Problem description: Leave out all pictures while repeating the records exactly and completely.

^^^^^^^^^^^^^^^^

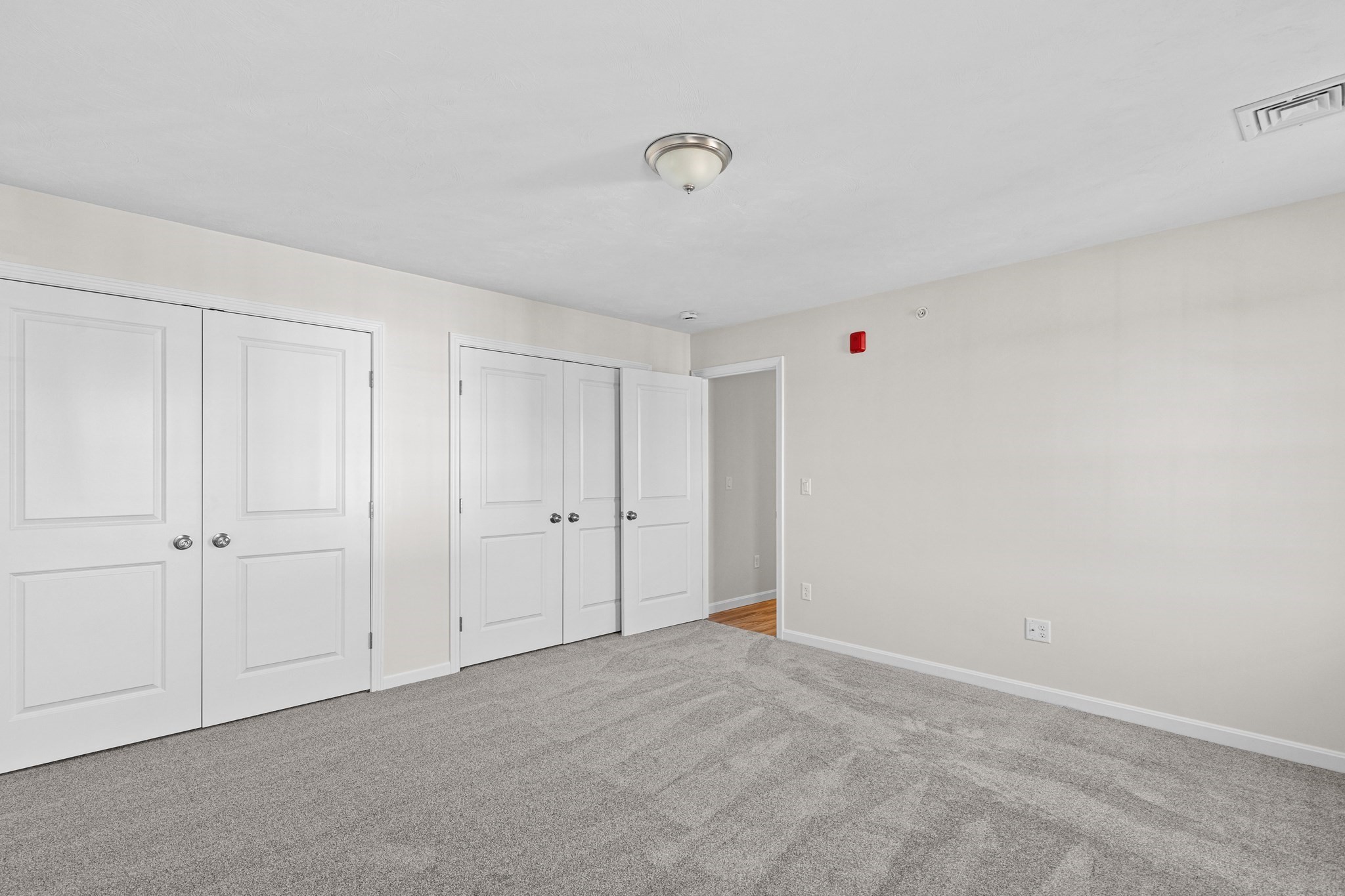393 Court St Unit 4, Plymouth, MA 02360 - Image 16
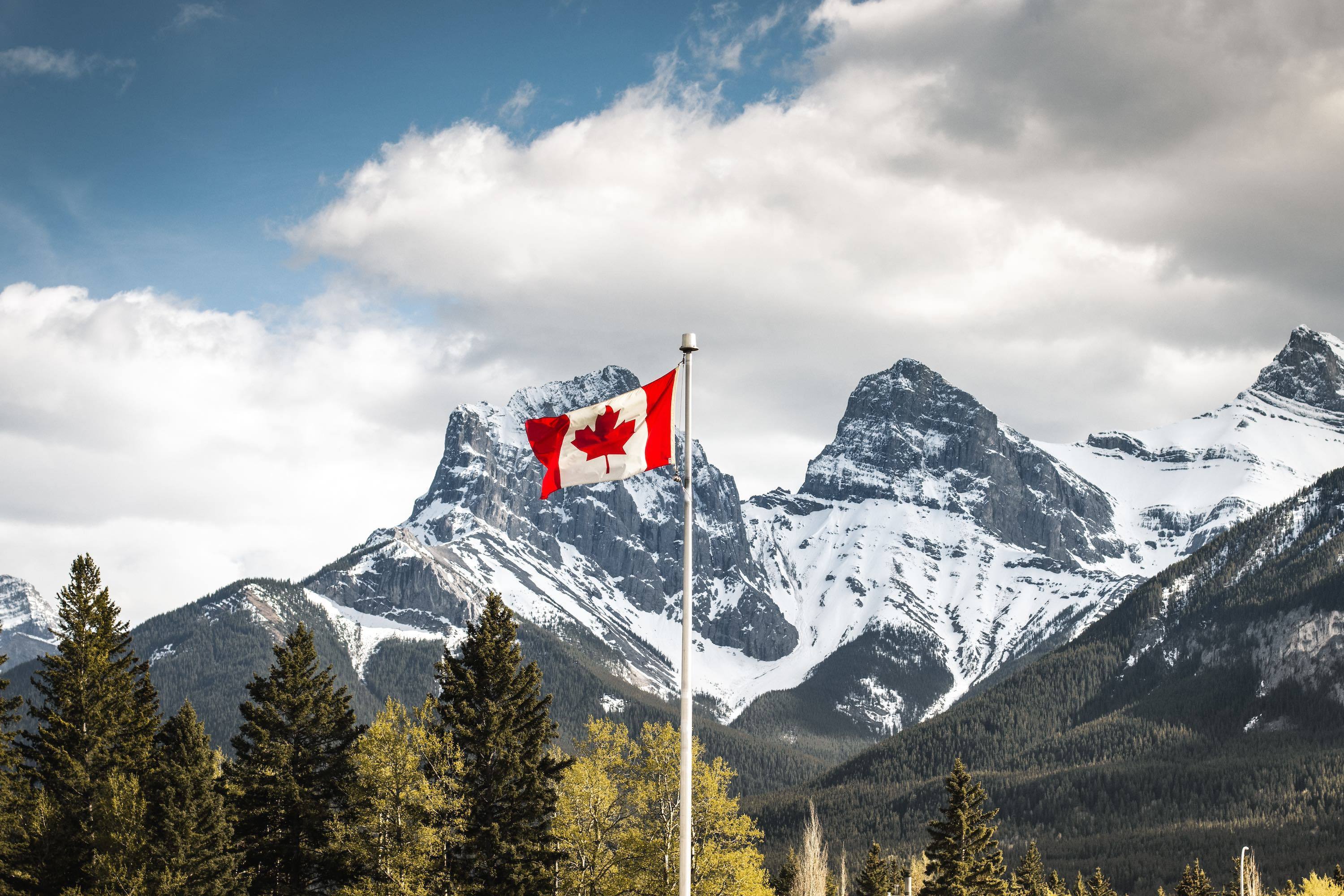 Canada_Preview - CITYFRAMES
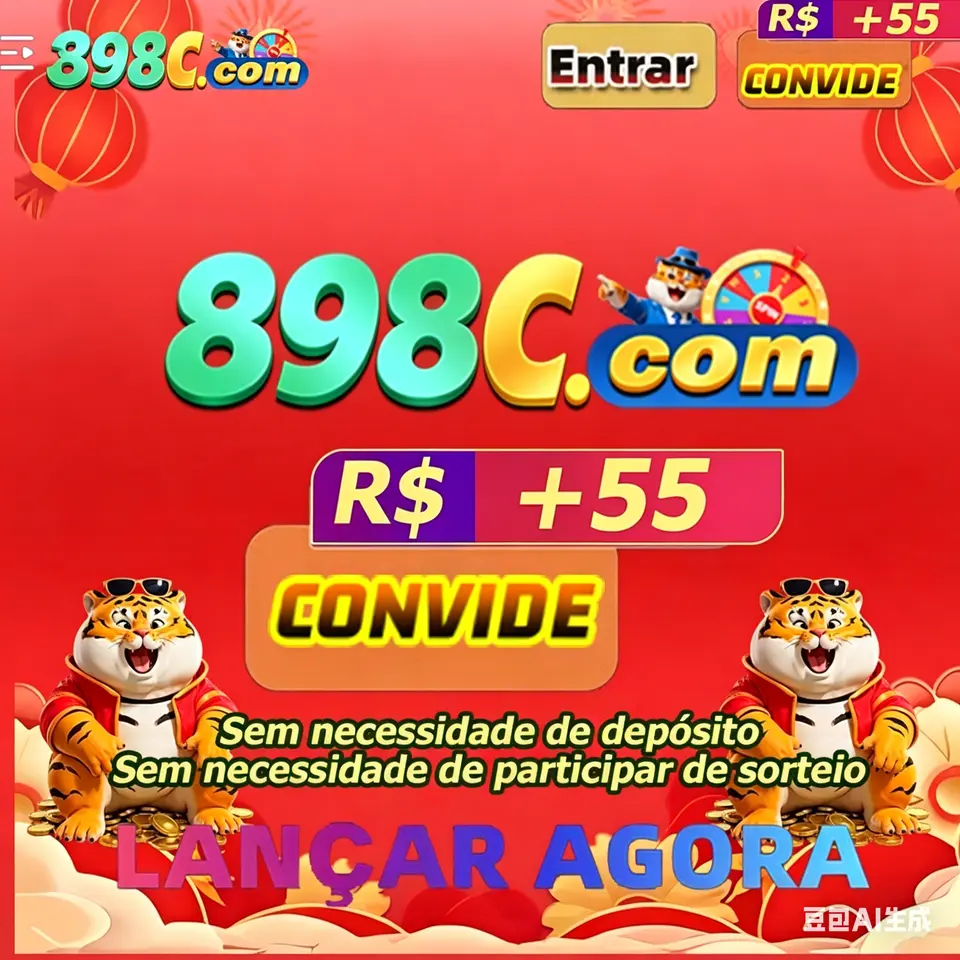 898c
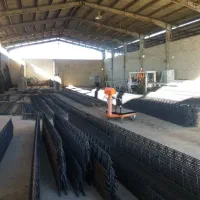 نیروی حسابداری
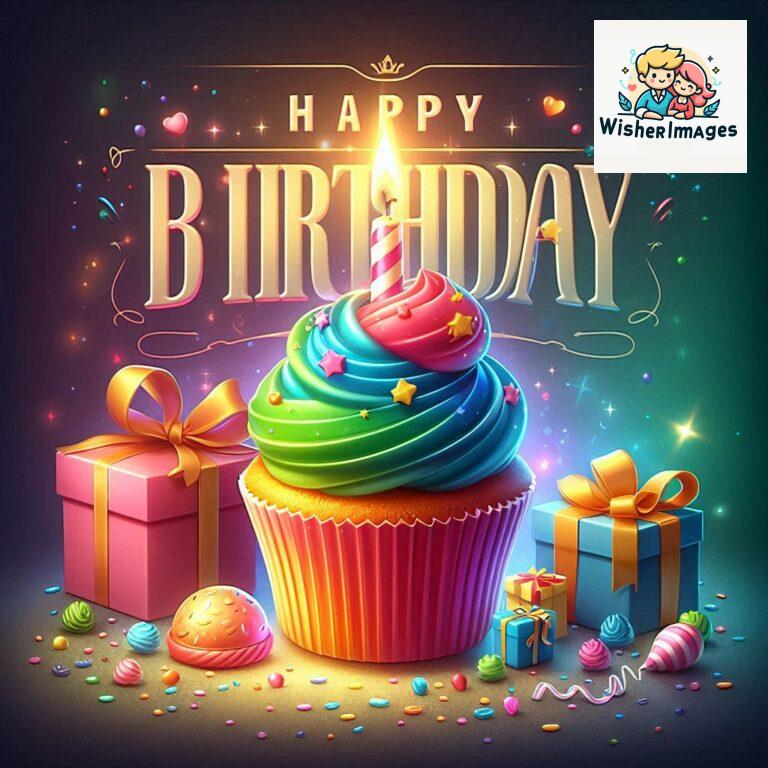 happy-birthday-cupcake-images-free-download-happy-birthday-cupcakes-images-free_179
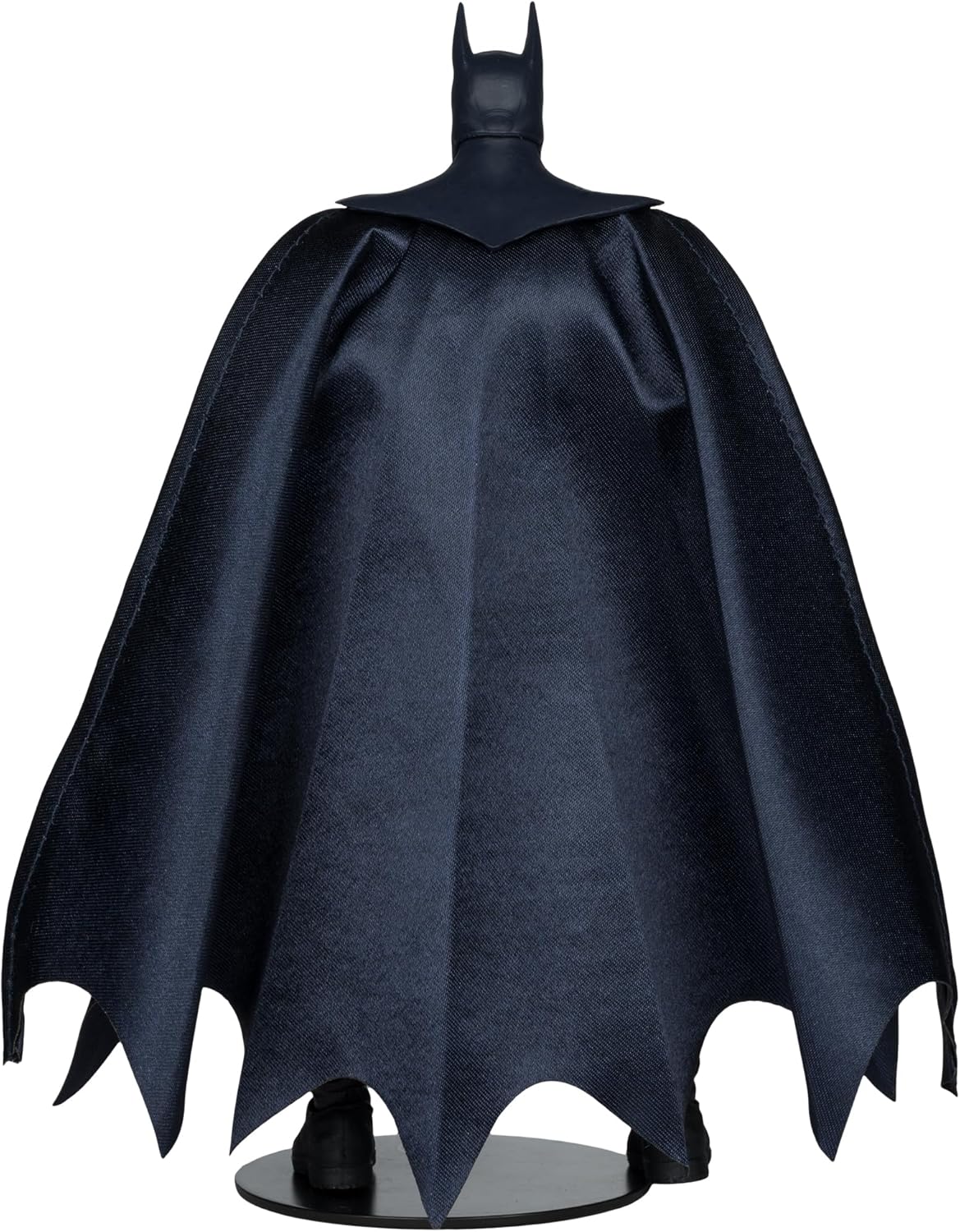 DC Multiverse - Justice Lords - Justice Lord Batman - Exclusive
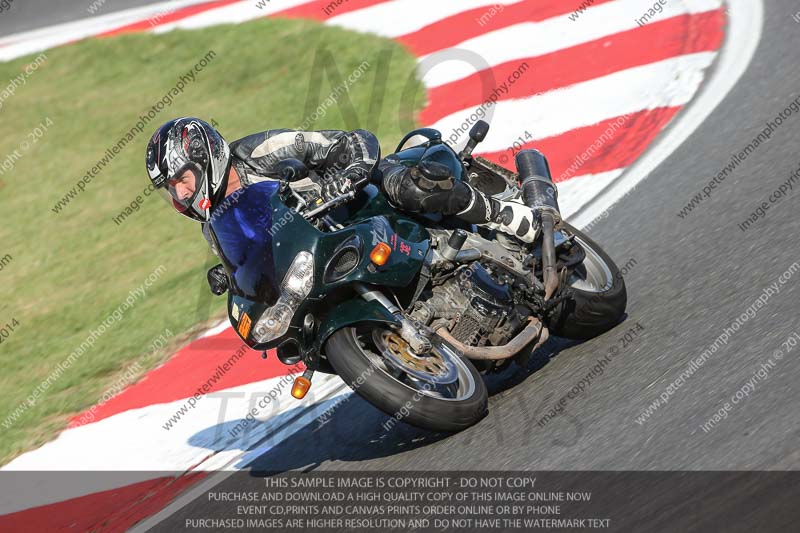 brands hatch photographs;brands no limits trackday;cadwell trackday photographs;enduro digital images;event digital images;eventdigitalimages;no limits trackdays;peter wileman photography;racing digital images;trackday digital images;trackday photos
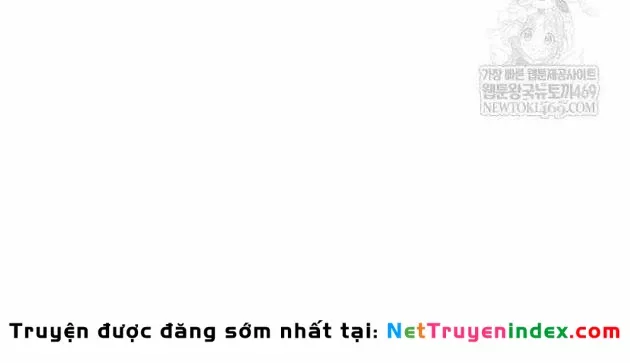 Breakers Tập 55 trang 122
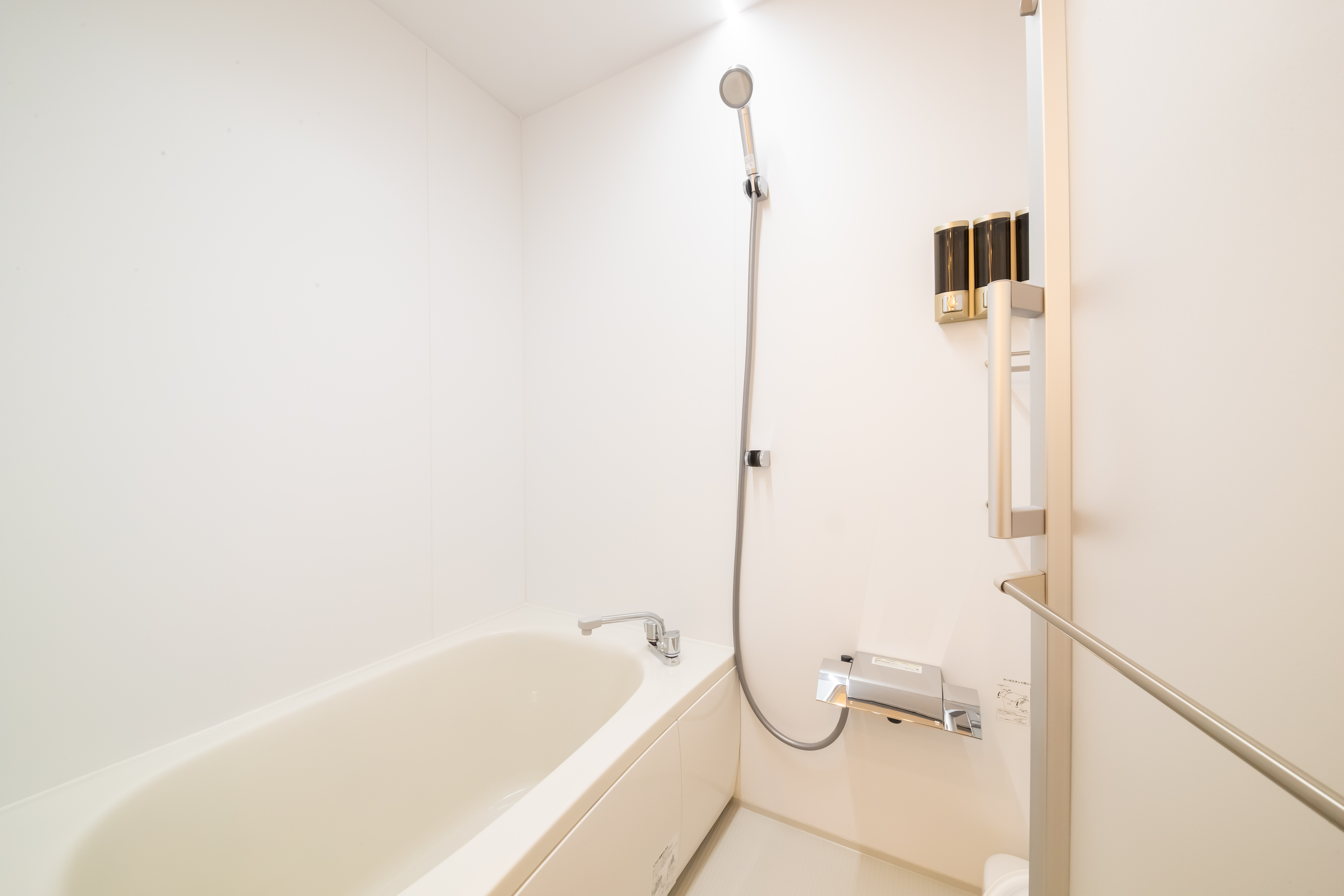 スーペリアスタジオBタイプ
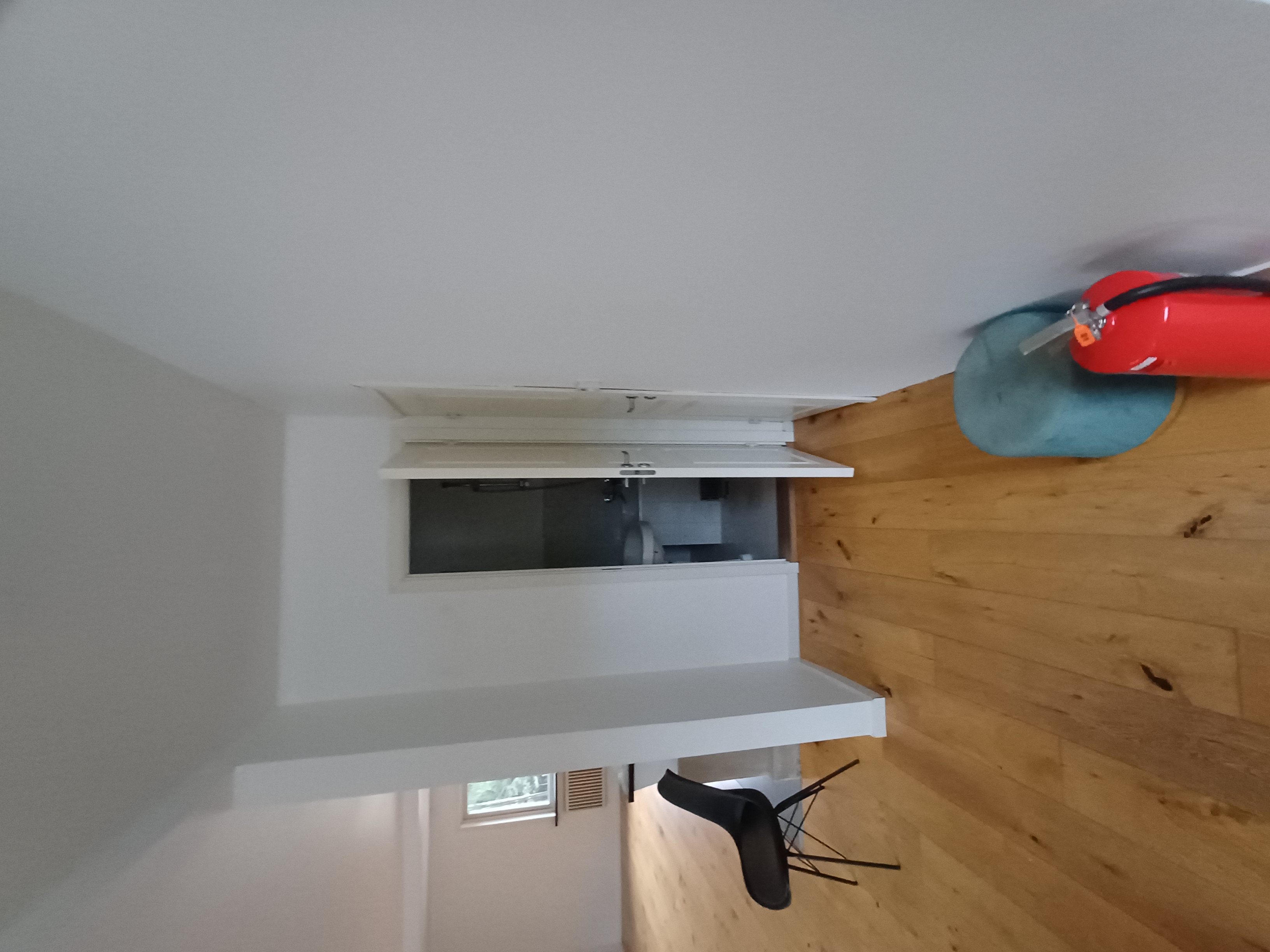 Gamla fabriksgatan 2 – bild 3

^^^^^^^^^^^^^^^^

Output of the task:
393 Court St Unit 4, Plymouth, MA 02360 - Image 16
 Canada_Preview - CITYFRAMES
 898c
 نیروی حسابداری
 happy-birthday-cupcake-images-free-download-happy-birthday-cupcakes-images-free_179
 DC Multiverse - Justice Lords - Justice Lord Batman - Exclusive
 brands hatch photographs;brands no limits trackday;cadwell trackday photographs;enduro digital images;event digital images;eventdigitalimages;no limits trackdays;peter wileman photography;racing digital images;trackday digital images;trackday photos
 Breakers Tập 55 trang 122
 スーペリアスタジオBタイプ
 Gamla fabriksgatan 2 – bild 3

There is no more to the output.